Overview of the results.

The first issue, the focus on NHST, was partially solved by including new items on Bayesian analysis that were proposed during this first round. In addition, we explicitly asked the experts in the invitation email and the introduction section of the second-round survey to propose new items to make the checklist more well rounded regarding different approaches to significance testing and data analysis. To solve the second issue (applicability of items in certain contexts only), additional information on the rating of context-specific items was provided at the beginning of the second survey.

Out of the 92 items, 28 items (approximately 30%) received three or more ratings of “unclear.” S. Kerschbaumer and U. S. Tran discussed each individual case with a focus on making the item wording clearer and more concise. Because of a high number of unclear ratings and/or comments by the experts expressing that the item is not suitable for the checklist, five of the yellow items were additionally excluded following their review by S. Kerschbaumer and U. S. Tran. Three already accepted items were minorly adapted based on the experts’ feedback, and 15 previously accepted items underwent substantial changes and were thus rerated in their new form in the next round. For the full results of this and all following rounds, see the OSF project webpage (https://doi.org/10.17605/OSF.IO/GWAVU).

Round 2 of the Delphi study

The second rating round was open from March 27 to April 14, 2023, during which 33 experts rated 60 items. This led to the direct acceptance of 37 items, and three items were rejected. Twenty items were categorized as yellow and thus improved based on the experts’ comments before moving on to the third round. Following the call for new items, 11 new items on Bayesian statistics were proposed, and three items relevant for users of linear mixed-effects models were proposed. In addition, one new item concerning the connection between theory and measurement was introduced.

The analysis of the second round’s 79 open-ended comments ultimately led to the change of the rating system in the third round because one expert mentioned difficulties in rating the items on a scale of this granularity.

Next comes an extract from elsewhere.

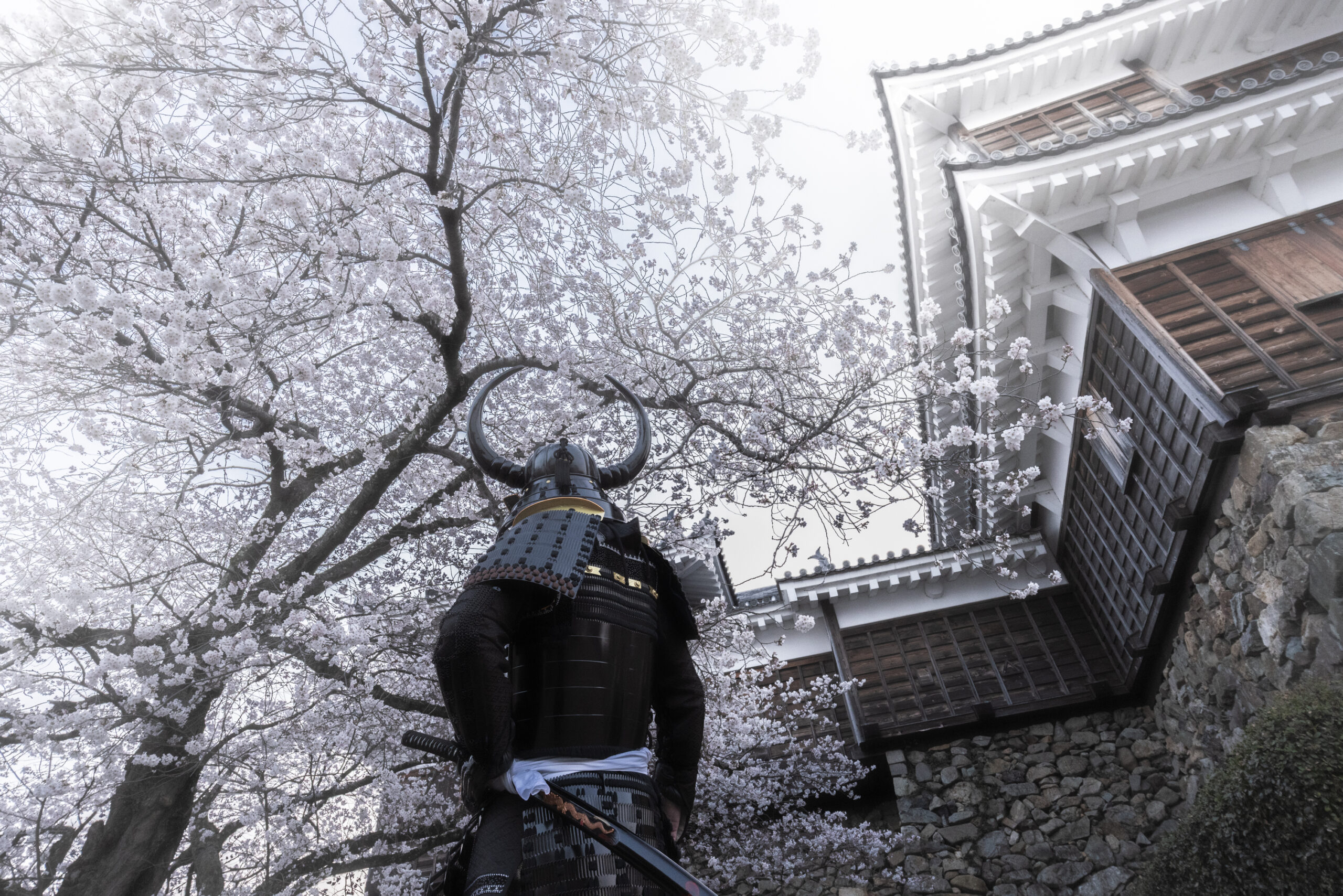 shogunstudiojapan_7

Apart from this, the comments included the suggestion of a more consistent wording of the items (e.g., change of “Consideration of a wide range of similar concepts in discriminant validity analysis” to “Considering a wide range of similar concepts in discriminant validity analysis” to be in line with other items such as “Pretesting/piloting of experimental manipulations”). The number of unclear items decreased notably, and only eight out of 60 items (approximately 13%) received an unclear rating. Again, because of a high number of unclear ratings and/or comments by the experts expressing that the item is not suitable for the checklist, five of the yellow items were additionally excluded following their review by S. Kerschbaumer and U. S. Tran. Out of the accepted items, 12 were slightly adapted based on the experts’ feedback without being rerated, and two items were significantly changed and thus rerated in the third round.

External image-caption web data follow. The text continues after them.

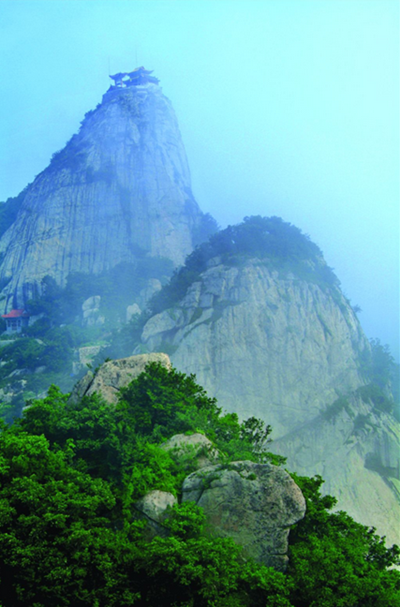 1519605316496041114.png 1.png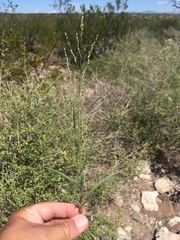 Panicum hirticaule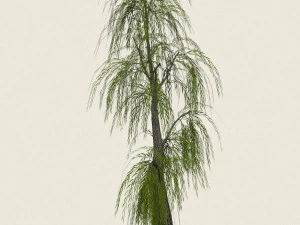 willow tree collection 3D Model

Round 3 of the Delphi study

During the last round (April 24 to May 9, 2023), which consisted of 32 items, 25 items were accepted into the checklist, and seven items were excluded. In this round, 34 experts participated in the rating process. During the analysis of the 70 open-ended comments, we recognized that some of the experts rated items as unclear if they did not feel capable to rate it, for example, because of a lack of familiarity with the specific analysis technique (e.g., “While I have work[e]d with Bayesian analyses, not being an expert on the topic I responded with ‘unclear’ when I wasn’t entirely familiar with the procedure being described”). Unclear ratings affected mostly the items on Bayesian analysis. Because the inclusion of an item was determined by the percentage of ratings of 4 or 5 (or “yes” in the last round), a high number of unclear ratings affected its acceptance. Yet the comments indicated that some or all the unclear ratings could be understood as “I do not wish to vote” rather than “should not be included.” In an open discussion, S. Kerschbaumer and U. S. Tran thus decided to include two items on Bayesian analysis that were marginally under the limit of 70% agreement (66.67% and 69.70%). Furthermore, one new item proposed during the third round (“Following established reporting guidelines (e.g., Bayesian Analysis Reporting Guidelines (Kruschke, 2021) or the Discussion points for Bayesian inference (Aczél et al., 2020)”) was directly added to the checklist without the rating of the experts because both S. Kerschbaumer and U. S. Tran agreed on its importance.

After the three rounds, the final list contained a total of 91 items for the stages of planning (39 items), data collection (10 items), data analysis (22 items), and data reporting (20 items).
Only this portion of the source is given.